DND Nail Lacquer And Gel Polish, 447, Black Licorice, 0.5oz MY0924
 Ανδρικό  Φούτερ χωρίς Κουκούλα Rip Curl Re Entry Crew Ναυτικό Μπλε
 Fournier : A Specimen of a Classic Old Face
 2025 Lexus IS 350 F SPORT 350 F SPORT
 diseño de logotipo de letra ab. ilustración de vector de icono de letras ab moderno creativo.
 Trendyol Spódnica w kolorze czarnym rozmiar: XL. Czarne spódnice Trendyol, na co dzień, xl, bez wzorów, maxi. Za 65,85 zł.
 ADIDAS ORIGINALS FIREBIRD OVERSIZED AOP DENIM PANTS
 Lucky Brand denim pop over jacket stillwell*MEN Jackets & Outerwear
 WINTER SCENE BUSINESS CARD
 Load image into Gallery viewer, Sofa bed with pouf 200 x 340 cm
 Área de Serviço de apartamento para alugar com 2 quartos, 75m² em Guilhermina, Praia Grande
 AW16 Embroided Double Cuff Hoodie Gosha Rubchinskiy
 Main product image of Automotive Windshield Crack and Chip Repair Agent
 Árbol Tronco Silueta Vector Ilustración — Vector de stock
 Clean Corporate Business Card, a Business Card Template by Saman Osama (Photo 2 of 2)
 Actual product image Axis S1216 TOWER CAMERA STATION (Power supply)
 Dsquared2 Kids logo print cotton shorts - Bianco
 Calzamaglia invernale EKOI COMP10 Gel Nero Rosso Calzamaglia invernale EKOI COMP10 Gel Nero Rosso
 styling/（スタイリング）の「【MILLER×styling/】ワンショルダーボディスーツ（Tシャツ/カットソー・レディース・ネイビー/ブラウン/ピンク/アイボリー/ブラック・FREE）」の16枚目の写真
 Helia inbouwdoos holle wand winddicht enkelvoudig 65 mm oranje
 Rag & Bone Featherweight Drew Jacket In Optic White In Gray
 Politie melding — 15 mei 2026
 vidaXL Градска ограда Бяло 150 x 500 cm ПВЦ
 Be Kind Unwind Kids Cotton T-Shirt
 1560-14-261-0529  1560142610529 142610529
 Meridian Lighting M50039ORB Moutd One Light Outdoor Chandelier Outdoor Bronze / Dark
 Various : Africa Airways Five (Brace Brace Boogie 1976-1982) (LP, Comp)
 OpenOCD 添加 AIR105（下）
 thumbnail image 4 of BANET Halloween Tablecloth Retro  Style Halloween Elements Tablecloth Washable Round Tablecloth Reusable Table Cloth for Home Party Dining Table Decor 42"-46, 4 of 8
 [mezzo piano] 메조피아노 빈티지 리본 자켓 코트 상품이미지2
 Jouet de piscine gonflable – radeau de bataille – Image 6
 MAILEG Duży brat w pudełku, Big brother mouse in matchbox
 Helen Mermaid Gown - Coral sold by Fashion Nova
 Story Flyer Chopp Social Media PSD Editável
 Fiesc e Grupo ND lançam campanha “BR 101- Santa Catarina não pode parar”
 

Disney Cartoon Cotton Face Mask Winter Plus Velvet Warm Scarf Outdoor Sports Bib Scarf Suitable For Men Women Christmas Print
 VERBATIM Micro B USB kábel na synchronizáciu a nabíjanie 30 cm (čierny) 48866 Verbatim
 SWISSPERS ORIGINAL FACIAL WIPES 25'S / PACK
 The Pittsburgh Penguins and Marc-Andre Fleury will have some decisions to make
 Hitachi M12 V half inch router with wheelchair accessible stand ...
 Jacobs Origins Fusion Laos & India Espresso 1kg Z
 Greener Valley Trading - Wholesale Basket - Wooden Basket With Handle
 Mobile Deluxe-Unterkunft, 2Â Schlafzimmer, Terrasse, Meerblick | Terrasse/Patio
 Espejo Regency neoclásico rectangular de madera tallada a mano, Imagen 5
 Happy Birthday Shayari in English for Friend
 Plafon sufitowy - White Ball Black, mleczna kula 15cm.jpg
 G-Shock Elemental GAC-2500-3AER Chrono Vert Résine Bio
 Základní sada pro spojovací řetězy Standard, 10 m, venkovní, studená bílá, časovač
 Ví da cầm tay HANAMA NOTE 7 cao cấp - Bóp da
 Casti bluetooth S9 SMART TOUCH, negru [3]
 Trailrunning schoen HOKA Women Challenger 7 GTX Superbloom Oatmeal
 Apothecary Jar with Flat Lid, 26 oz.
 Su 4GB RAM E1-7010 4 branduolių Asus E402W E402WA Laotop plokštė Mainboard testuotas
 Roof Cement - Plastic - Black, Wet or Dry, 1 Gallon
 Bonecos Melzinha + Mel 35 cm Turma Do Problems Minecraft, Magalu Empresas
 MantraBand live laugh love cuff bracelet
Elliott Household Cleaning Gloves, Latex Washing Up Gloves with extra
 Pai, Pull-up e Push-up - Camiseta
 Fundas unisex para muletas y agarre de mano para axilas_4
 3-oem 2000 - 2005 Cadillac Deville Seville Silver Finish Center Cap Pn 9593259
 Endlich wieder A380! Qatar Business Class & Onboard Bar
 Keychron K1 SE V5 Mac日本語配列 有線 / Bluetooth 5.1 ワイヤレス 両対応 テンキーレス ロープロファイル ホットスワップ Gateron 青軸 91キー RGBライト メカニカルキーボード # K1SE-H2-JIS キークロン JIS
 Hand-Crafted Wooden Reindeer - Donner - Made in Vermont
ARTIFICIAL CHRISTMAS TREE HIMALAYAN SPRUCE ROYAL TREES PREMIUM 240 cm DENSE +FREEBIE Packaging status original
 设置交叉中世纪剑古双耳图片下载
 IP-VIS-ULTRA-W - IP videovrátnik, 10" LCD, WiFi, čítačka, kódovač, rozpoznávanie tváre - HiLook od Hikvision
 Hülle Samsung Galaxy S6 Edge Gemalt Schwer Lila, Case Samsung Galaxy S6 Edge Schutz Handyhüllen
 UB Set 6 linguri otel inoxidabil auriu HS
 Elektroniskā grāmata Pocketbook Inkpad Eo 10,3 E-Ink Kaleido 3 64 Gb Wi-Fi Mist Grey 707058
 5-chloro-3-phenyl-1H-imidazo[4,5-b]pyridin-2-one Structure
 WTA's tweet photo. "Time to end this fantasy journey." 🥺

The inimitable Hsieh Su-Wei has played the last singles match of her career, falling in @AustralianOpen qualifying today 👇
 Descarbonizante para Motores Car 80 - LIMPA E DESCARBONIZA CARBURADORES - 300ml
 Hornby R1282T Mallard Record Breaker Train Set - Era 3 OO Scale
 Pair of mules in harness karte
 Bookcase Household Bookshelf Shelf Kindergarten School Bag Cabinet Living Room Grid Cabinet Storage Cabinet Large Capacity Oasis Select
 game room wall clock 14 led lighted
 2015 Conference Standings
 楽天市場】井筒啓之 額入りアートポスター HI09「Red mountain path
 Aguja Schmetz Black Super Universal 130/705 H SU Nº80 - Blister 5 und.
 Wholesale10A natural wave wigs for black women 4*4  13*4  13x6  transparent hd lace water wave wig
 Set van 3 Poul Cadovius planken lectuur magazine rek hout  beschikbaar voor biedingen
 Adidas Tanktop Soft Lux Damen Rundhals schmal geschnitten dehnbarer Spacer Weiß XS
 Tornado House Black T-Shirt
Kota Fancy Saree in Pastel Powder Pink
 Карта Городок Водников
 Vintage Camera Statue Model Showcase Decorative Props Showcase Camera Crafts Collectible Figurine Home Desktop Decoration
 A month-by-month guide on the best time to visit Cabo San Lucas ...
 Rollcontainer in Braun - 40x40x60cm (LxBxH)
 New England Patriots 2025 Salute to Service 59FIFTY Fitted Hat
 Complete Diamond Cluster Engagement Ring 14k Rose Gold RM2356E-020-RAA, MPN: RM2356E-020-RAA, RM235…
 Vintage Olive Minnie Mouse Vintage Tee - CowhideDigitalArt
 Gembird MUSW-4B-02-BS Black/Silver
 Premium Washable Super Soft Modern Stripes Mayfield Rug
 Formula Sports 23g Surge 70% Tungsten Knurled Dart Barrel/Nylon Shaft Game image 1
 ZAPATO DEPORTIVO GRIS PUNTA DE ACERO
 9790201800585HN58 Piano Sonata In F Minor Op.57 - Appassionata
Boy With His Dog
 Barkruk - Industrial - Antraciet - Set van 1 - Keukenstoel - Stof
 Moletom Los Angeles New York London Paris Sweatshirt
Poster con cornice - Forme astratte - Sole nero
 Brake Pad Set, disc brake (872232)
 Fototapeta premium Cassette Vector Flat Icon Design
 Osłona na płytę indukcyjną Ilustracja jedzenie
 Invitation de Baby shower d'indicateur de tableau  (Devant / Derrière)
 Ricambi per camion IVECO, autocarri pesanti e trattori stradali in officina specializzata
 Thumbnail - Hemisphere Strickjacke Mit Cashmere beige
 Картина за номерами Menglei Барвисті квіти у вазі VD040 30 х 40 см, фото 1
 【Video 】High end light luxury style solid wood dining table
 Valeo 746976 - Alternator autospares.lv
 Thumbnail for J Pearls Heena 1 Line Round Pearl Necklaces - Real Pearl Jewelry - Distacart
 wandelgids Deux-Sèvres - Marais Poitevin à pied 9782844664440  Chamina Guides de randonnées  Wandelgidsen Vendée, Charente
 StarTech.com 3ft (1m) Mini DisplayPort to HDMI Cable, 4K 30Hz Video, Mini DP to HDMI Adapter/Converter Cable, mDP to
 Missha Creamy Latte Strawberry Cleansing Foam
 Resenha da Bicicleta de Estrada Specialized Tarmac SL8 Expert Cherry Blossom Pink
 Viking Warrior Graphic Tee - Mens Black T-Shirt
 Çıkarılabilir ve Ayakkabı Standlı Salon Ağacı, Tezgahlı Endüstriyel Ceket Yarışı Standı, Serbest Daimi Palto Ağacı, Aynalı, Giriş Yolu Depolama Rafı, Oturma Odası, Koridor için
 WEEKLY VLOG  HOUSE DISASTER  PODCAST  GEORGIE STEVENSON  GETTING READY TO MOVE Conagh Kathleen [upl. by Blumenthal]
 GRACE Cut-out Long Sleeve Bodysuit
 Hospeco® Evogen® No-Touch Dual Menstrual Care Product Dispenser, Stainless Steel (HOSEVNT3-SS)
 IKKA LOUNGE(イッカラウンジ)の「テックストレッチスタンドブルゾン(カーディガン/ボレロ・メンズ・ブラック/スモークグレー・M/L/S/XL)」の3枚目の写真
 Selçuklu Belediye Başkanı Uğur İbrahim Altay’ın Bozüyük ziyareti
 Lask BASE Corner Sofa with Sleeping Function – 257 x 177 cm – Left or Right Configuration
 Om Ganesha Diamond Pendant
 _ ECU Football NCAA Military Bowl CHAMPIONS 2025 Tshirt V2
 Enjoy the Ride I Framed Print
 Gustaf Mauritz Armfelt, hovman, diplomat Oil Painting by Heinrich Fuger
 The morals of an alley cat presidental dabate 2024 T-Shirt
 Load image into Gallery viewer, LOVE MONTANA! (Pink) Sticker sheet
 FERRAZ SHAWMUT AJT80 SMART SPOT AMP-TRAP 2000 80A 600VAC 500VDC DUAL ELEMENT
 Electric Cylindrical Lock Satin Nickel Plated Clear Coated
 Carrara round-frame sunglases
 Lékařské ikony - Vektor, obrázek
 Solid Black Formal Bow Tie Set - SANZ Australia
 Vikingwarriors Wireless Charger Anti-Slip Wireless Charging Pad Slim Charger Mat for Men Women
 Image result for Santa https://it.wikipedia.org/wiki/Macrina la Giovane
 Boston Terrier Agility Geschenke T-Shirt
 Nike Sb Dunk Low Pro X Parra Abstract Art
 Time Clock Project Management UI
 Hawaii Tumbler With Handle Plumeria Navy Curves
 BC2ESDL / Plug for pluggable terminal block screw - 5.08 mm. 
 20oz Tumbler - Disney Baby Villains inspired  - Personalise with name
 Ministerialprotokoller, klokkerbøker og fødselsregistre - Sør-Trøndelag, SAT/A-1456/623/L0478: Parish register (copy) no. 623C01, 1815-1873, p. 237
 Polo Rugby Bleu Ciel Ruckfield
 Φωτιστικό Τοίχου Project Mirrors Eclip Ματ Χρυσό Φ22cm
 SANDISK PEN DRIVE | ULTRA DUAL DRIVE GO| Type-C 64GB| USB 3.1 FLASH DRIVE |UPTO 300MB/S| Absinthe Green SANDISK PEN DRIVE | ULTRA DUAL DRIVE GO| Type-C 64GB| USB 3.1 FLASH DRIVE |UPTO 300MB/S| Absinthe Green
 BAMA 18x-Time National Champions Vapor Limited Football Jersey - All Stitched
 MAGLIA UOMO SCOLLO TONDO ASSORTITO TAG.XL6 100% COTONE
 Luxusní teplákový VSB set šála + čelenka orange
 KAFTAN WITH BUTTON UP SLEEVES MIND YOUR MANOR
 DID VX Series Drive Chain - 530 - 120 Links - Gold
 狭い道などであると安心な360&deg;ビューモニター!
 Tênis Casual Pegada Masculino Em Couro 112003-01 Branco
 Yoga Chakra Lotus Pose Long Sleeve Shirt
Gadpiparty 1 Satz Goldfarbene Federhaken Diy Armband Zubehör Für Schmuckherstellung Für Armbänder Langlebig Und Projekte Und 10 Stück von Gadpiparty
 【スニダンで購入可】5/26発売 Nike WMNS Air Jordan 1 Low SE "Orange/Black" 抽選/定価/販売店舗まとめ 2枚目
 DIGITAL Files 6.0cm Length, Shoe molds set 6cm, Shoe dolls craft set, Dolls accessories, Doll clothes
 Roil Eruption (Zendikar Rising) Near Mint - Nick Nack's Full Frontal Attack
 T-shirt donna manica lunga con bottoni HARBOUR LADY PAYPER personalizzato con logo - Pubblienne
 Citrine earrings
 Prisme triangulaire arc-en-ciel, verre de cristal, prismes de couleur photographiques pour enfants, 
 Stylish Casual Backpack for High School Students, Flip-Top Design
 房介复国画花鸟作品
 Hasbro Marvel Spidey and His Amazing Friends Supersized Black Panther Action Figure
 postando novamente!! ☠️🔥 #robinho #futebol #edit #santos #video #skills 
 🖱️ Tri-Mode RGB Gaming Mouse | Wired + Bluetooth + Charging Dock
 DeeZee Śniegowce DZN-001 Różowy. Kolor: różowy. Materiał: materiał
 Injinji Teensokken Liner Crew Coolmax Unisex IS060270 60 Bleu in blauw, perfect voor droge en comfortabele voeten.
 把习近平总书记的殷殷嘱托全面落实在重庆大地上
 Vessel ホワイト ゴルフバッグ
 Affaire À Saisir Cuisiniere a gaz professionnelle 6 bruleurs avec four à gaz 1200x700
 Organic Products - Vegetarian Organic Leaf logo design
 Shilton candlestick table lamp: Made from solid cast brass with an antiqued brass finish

......

Directions:
The entries above hold the needed span. Transcribe exactly the lines from the one with "wandelgids Deux-Sèvres - Marais" to the one with "Resenha da Bicicleta", both included.

Answer space:
 wandelgids Deux-Sèvres - Marais Poitevin à pied 9782844664440  Chamina Guides de randonnées  Wandelgidsen Vendée, Charente
 StarTech.com 3ft (1m) Mini DisplayPort to HDMI Cable, 4K 30Hz Video, Mini DP to HDMI Adapter/Converter Cable, mDP to
 Missha Creamy Latte Strawberry Cleansing Foam
 Resenha da Bicicleta de Estrada Specialized Tarmac SL8 Expert Cherry Blossom Pink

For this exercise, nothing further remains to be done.